On his Bundestag website, Steinbrück claims to have given around 80 paid lectures and speeches since 2009, thought to have netted him at least €500,000 in income. But many of those entries don’t list the true client, but rather the speaking agency which arranged the lectures.
“The least Steinbrück must do to comply with the spirit of the law is publish the names of the actual clients who paid him to give speeches, and not just the names of the speakers agencies,” Transparency International CEO Christian Humborg told news magazine Der Spiegel.
Currently, parliamentarians must only specify the general income category their second job earns them. The first level is €1,000 to €3,500, the second level up to €7,000, and the third “more than €7,000” with no further differentiation between €7,001 and €100,000.
Steinbrück, a former finance minister, accused his opponents of trying to harm his “personal credibility” and warned they would not succeed.

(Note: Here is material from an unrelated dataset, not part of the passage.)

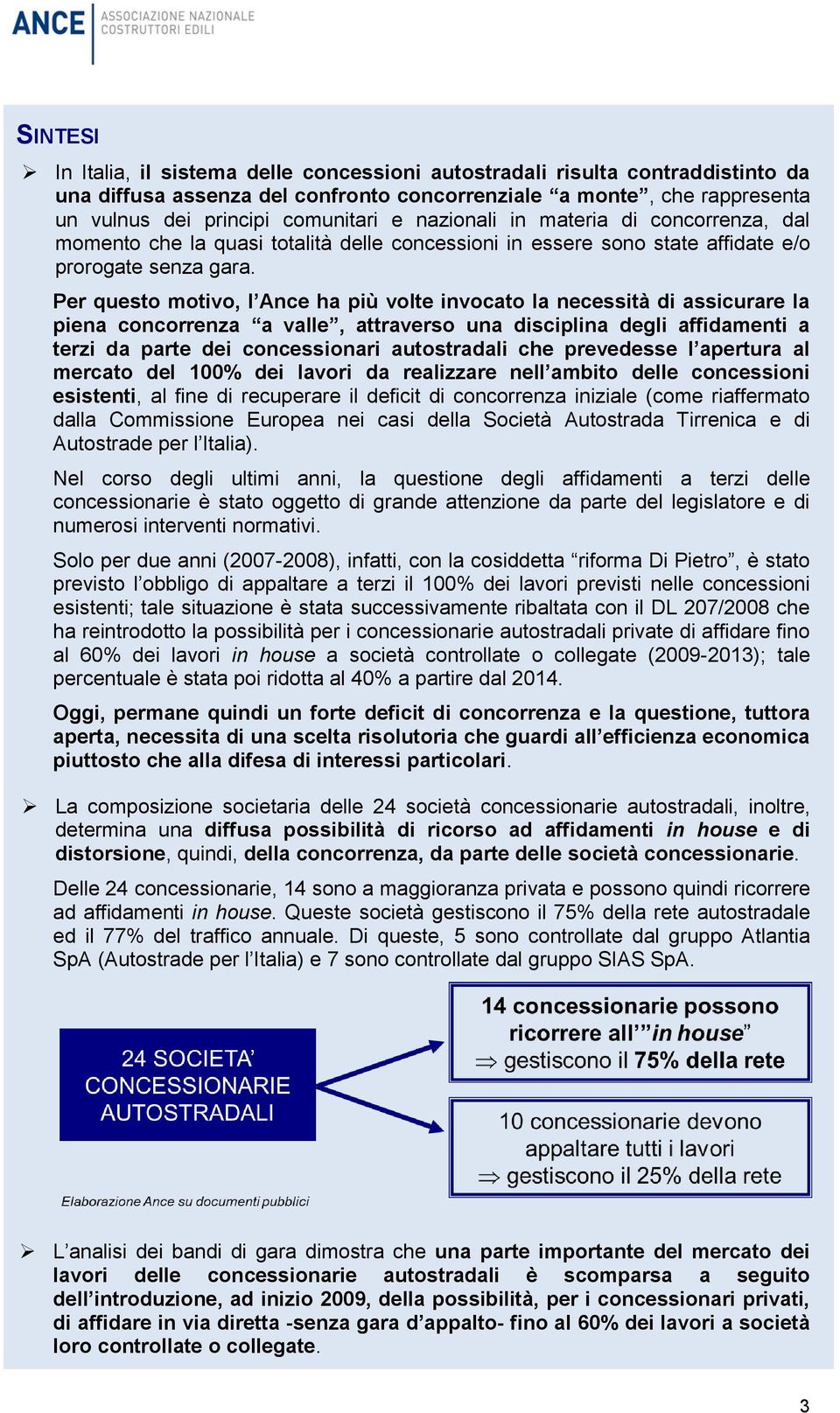 Per questo motivo, l Ance ha più volte invocato la necessità di assicurare la piena concorrenza a valle, attraverso una disciplina degli affidamenti a terzi da parte dei concessionari autostradali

Last week the former finance minister was chosen by the SPD to lead the election campaign against Merkel’s conservative Christian Democratic Union. His earnings have since become the subject of much scrutiny in the German media. Earlier this week Steinbrück agreed to give up his seat on the board of steel giant ThyssenKrup, but balked at publishing his tax returns.
Humborg added that the German parliament should reform its rules for secondary income disclosure, to mandate disclosure “down to the last penny – and for all MPs.”